The prime minister said the slogan was about “offering hope and opportunity to those areas that have felt left behind”.
But he argued that eliminating this disparity would not just be positive for those areas, but also others where problems are sometimes caused by their success – or the “the sheer lust of other people to live in or near” them.
These problems included environmental concerns, overcrowded infrastructure, and “ugly new homes”, he said, which could be a drag on productivity.
And he suggested that the issue was more significant than just a north-south divide, arguing that there are “aching gaps within the regions themselves”. This is certainly borne out by the figures.
“It helps to take the pressure off parts of the overheating South East while simultaneously offering hope and opportunity to those areas that have felt left behind,” he said.
And the PM argued that this would help improve productivity across the board and make the country richer.
“The idea in a nutshell it is that you will find talent genius flair imagination enthusiasm everywhere in this country all of them evenly distributed,” he told Tory members.
“But opportunity is not, and it is our mission as conservatives to promote opportunity with every tool we have.”
This all sounds quite reasonable in theory. But is he really using “every tool that we have”?
When it comes to policy the prime minister essentially had one announcement: a “levelling up premium” worth up to £3,000 to encourage science and maths teachers to head to and teach in more deprived areas of the country.
The policy seems laudable, and may or may not improve the supply of the best teachers in two subject areas. But it is clearly not going to put in motion the kind of fundamental shift in wealth and power the prime minister is talking about. It is also a re-hash of a similar, recently scrapped scheme that covered more subjects.

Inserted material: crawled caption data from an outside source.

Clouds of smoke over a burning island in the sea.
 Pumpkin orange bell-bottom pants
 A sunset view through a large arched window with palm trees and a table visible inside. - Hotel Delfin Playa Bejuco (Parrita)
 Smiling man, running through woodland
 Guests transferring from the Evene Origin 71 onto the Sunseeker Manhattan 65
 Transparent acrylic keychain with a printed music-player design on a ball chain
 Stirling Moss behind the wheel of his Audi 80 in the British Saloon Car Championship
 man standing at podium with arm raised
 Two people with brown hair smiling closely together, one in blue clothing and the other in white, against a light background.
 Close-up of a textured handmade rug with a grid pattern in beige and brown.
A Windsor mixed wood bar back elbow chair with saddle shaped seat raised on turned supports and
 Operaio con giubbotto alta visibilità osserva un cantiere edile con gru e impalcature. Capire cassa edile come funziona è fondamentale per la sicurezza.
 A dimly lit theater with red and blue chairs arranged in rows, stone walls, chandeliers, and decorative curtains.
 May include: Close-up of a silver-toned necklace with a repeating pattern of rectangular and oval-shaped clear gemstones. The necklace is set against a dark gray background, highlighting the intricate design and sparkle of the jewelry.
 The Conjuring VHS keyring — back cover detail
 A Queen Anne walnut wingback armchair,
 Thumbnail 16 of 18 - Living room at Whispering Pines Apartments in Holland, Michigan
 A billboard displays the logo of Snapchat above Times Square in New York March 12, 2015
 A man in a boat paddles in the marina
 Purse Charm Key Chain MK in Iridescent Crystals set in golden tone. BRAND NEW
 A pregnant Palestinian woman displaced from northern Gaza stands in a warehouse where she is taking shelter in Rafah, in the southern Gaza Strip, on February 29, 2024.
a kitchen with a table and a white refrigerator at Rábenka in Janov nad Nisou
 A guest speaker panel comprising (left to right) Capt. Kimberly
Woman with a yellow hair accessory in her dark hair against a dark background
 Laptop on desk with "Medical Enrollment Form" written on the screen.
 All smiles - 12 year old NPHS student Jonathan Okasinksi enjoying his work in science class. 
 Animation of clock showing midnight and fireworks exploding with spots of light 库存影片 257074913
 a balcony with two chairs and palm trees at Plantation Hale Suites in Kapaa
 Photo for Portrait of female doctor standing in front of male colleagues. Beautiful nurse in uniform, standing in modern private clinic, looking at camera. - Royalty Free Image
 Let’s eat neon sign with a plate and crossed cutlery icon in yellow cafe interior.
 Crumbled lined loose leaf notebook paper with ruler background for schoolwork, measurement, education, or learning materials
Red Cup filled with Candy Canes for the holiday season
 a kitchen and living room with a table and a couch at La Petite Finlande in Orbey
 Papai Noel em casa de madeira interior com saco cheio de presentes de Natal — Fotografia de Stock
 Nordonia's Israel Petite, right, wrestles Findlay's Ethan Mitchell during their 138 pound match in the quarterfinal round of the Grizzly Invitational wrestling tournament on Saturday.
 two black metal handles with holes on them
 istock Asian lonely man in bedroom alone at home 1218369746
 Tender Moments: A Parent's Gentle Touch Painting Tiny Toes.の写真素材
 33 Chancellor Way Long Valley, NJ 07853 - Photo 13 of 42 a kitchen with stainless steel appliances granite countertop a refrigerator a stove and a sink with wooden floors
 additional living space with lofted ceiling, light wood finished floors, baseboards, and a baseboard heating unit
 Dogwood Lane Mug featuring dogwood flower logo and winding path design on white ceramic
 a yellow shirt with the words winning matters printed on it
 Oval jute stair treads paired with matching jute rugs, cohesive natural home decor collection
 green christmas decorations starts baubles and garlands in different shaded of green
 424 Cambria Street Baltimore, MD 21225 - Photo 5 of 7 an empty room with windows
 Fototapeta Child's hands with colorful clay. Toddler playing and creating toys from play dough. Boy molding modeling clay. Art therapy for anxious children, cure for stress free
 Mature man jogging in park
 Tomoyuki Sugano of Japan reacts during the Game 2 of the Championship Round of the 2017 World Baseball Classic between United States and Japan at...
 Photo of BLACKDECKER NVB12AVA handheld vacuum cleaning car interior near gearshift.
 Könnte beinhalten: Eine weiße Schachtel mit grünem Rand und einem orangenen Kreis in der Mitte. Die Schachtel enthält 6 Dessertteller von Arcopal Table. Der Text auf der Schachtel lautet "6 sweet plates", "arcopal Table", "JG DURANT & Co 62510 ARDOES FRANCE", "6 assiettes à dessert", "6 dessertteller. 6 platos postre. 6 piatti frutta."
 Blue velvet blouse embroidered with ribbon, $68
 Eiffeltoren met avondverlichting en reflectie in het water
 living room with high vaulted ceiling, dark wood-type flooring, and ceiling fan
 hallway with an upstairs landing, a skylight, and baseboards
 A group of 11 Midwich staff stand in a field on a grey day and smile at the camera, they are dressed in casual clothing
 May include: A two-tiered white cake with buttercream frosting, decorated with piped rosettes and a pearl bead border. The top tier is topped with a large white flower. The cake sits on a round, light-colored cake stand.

Notably, before the speech it was heavily briefed that there would be some major transport policy announcement for the north, perhaps a fleshing out of Northern Powerhouse Rail, the east-west line planned to link across the Pennines.
There wasn’t one – which rail industry sources interpret as bad news for the scale and scope of any investments the government is planning to make. NRP is a can that’s been kicked down the road since George Osbrone was chancellor, and there is still no detailed plan for what it will involve.
The prime minister made a good case for reducing regional inequality and investing in areas that have not been invested in for too long. But until he actually takes action to do this, at the head of the government he leads with a vast majority, it is hard to see how it is more than a slogan.